Scientists have said the mystery object could potentially be a clump of dark matter, while the wave – known as the ‘Radcliffe wave’ – covers half the sky from Earth, making it difficult to see the whole structure.
The wave, made up of interconnected stellar nurseries, is very close to the Milky Way. At its closest point, the Sun is just 500 light-years from the wave, which runs directly behind our solar system as viewed from the heart of the galaxy.
Researchers led by João Alves, from the Department of Astrophysics at the University of Vienna and the Radcliffe Institute for Advanced Study at Harvard University, were initially trying to map Gould’s Belt, a large band of star-forming regions.
In doing so, they discovered Gould’s belt is ‘just a projection effect’ of a far larger structure, the Radcliffe wave. ‘As you can imagine, I was very surprised,’ Alves told Newsweek.
The researchers discovered that the Radcliffe wave was one enormous, long filament, stretching 9,000 light-years in length and 400 in width. It was also found to go 500 light-years above and below the mid-plane of the galactic disk in a wave-like shape.
The reason why we didn’t realise the presence of this giant is that we didn’t have the exquisite distance measurements we have today with Gaia and, I think because we are so close to the structure it’s hard to see it.

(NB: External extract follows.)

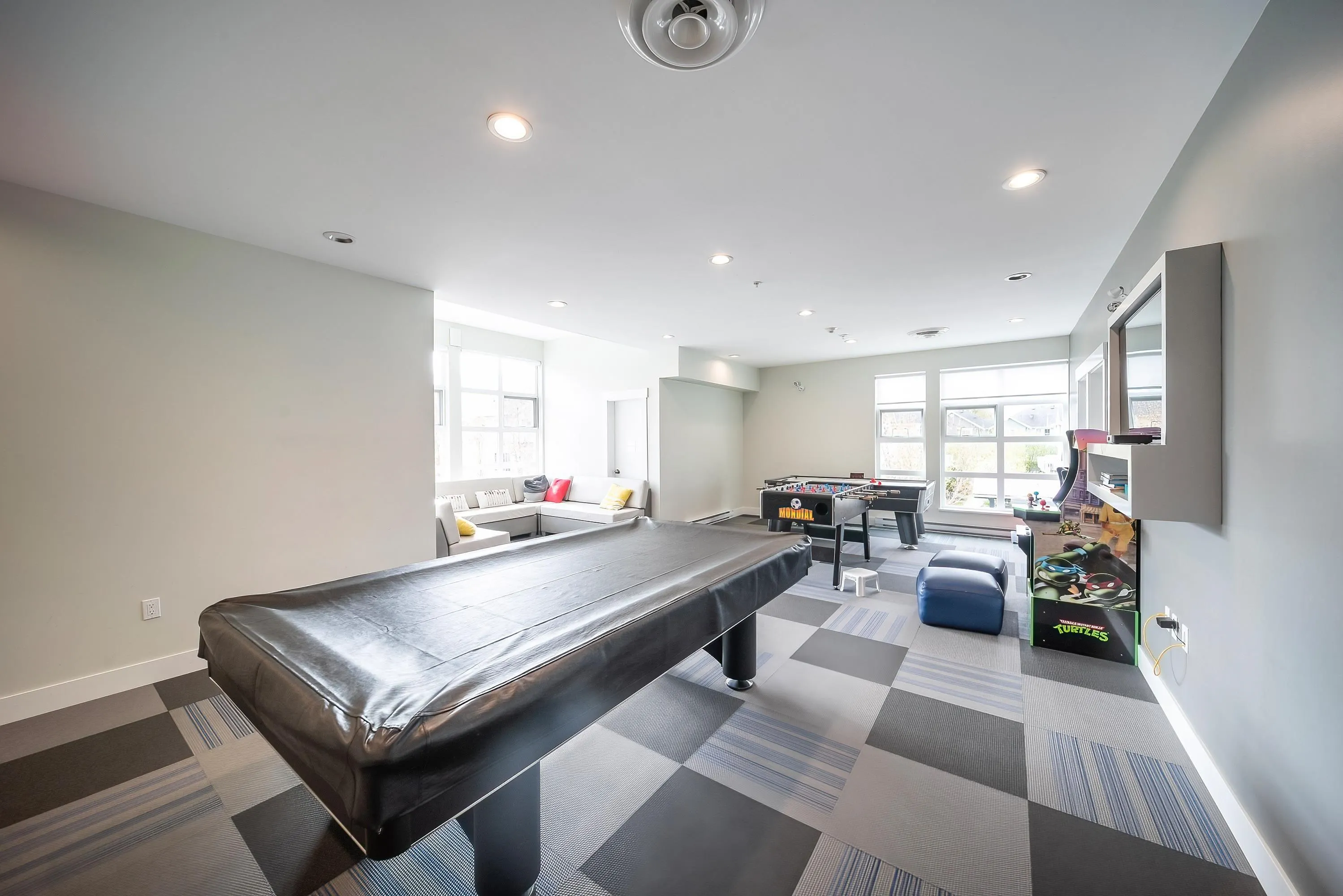 74 5551 Admiral Way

Details of the discovery are published in the journal Nature, with researchers saying the wave’s amplitude appears to be decreasing over time. This suggests some sort of trigger, perhaps a collision between the disk of our Milky Way and a massive object – that scientists so far have not identified.
“Could be” a clump of dark matter
They believe it could be a clump of dark matter, as this would explain why we cannot find an obvious candidate for the collision. However, Alves admits this is just ‘speculation’ at the moment, adding: ‘Other scenarios are as plausible.’
The researcher said his team has ‘many ideas’ that they will be testing with future releases of Gaia data. but they don’t have a ‘favorite scenario’ at the moment.
The team now hopes to find similar structures in other parts of the Milky Way, and are trying to locate and measure the wave’s teenage stars, which should help them work out what could have caused the wave to form.